▶ **ASSIGNMENT**
The full listing, word for word and free of images, is the expected result.
[[ SUPPLIED DATA, beginning ]]
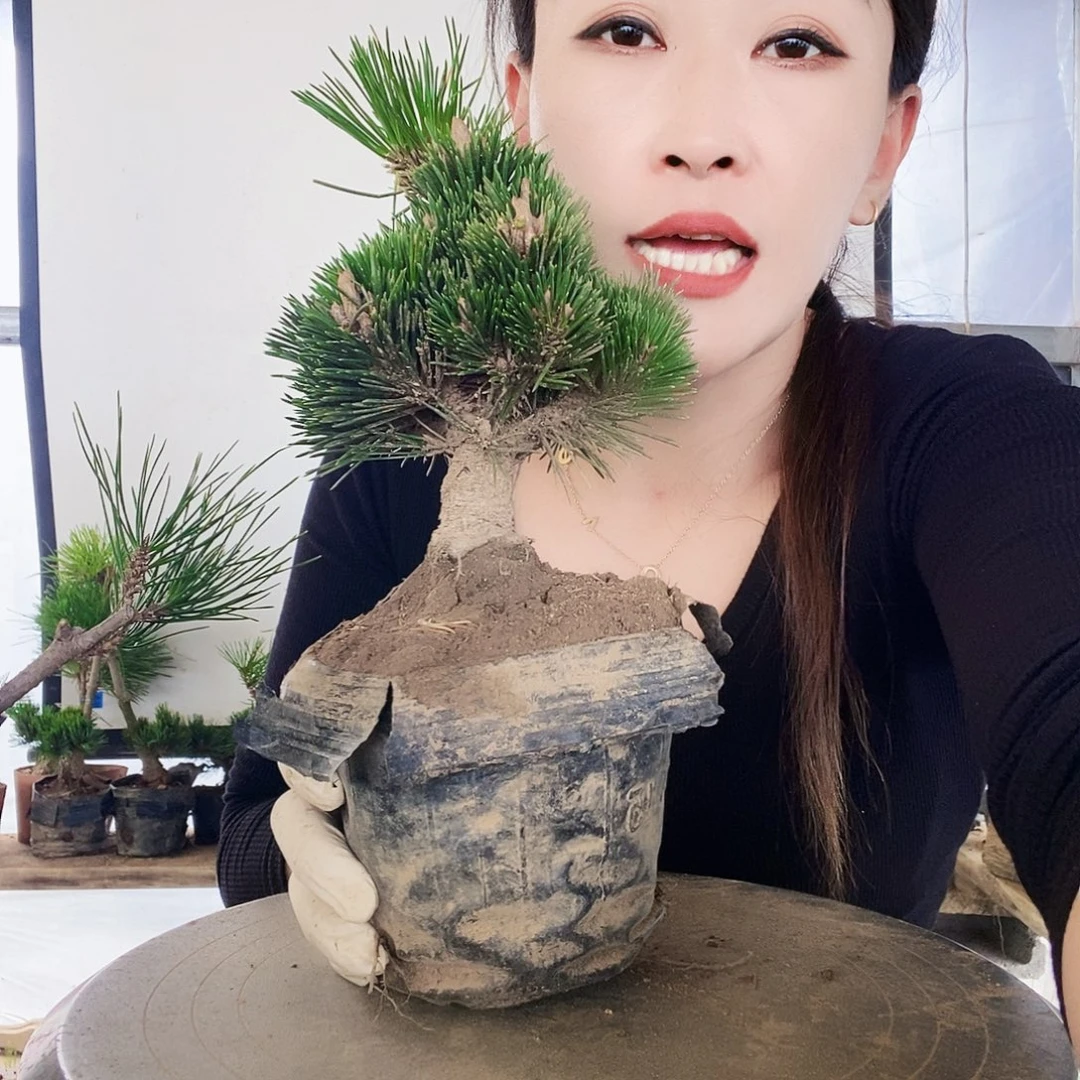 无花朵植物形态多年生草本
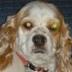 Bruce Harper's profile picture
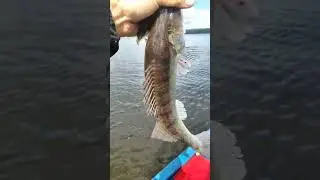судак напросился в гости #отдых #рыбалка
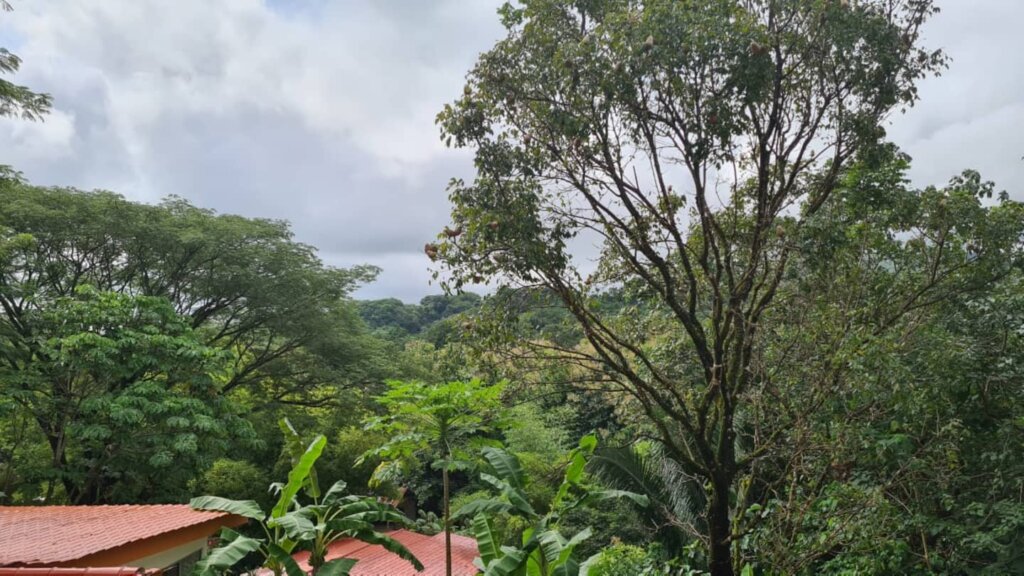 Finca Lucky: Mahagoni House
[[ SUPPLIED DATA, end ]]
▶ **SOLUTION TO THE PROBLEM**
 无花朵植物形态多年生草本
 Bruce Harper's profile picture
судак напросился в гости #отдых #рыбалка
 Finca Lucky: Mahagoni House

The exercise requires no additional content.